Copy task, pictures excluded: set down exactly the lines from the one containing "Autumn decoration in the forest" to the end of the data below.

=======

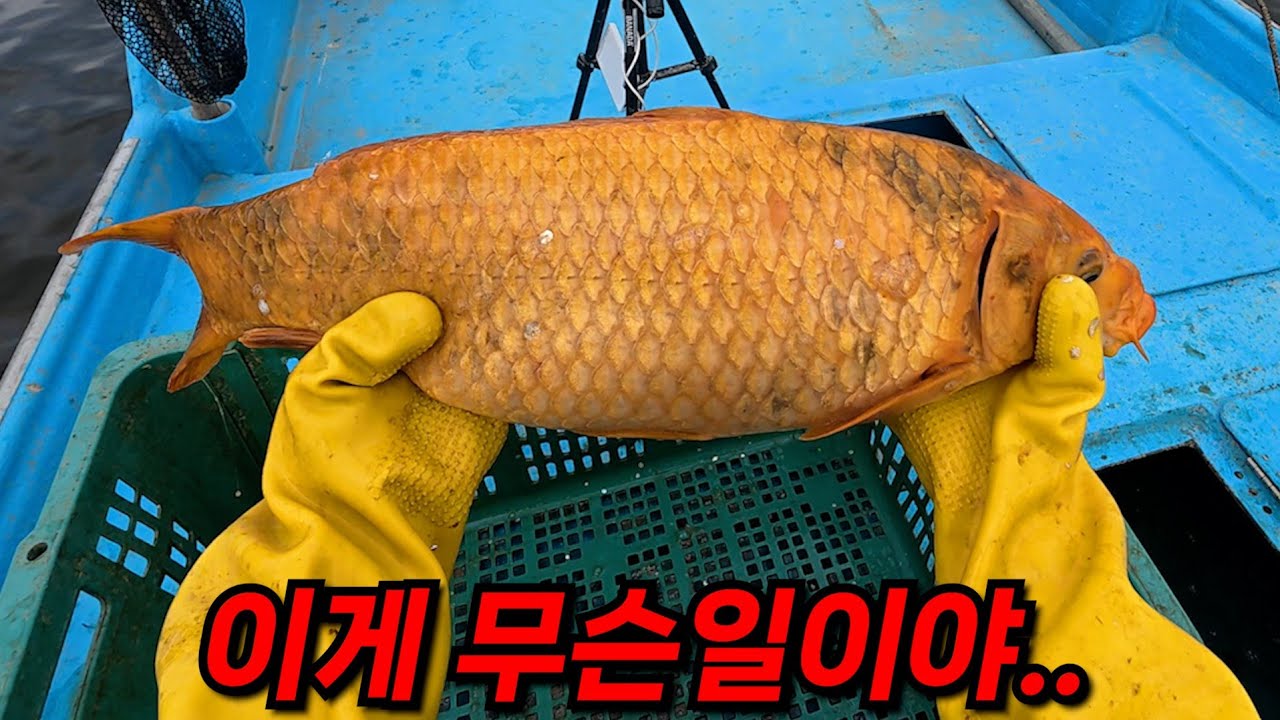 어부하면서 임진강에서 처음입니다! 이런게 나온다고?! 로또사야겠다!
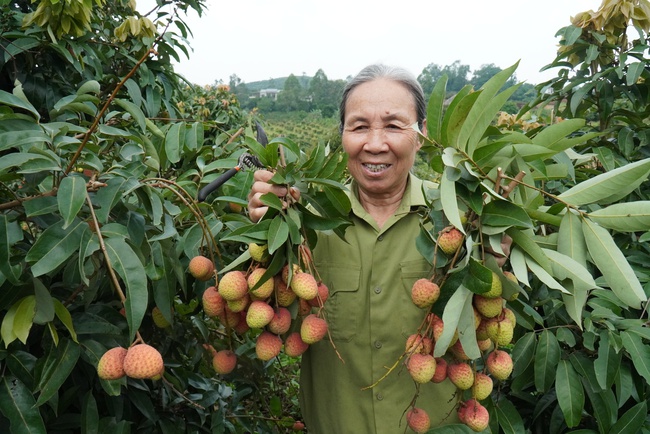 Vải thiều sạch hút hàng, giá cao - Ảnh 4.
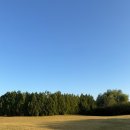 노을공원 | 셀프 웨딩 스냅|셀프 야외 스냅|노을 공원 후기📸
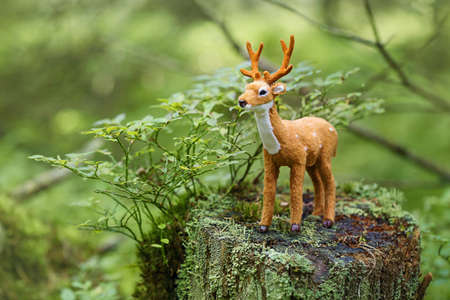 Autumn decoration in the forest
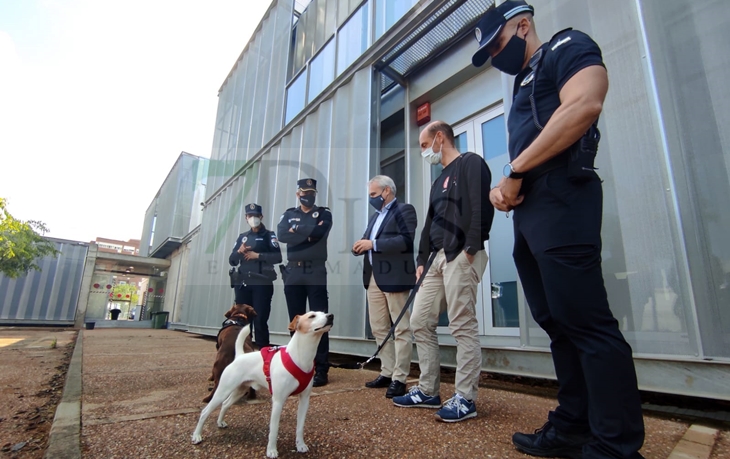 El perro viajero más famoso de España aterriza en Badajoz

=======

■ WRITTEN RESPONSE
 Autumn decoration in the forest
 El perro viajero más famoso de España aterriza en Badajoz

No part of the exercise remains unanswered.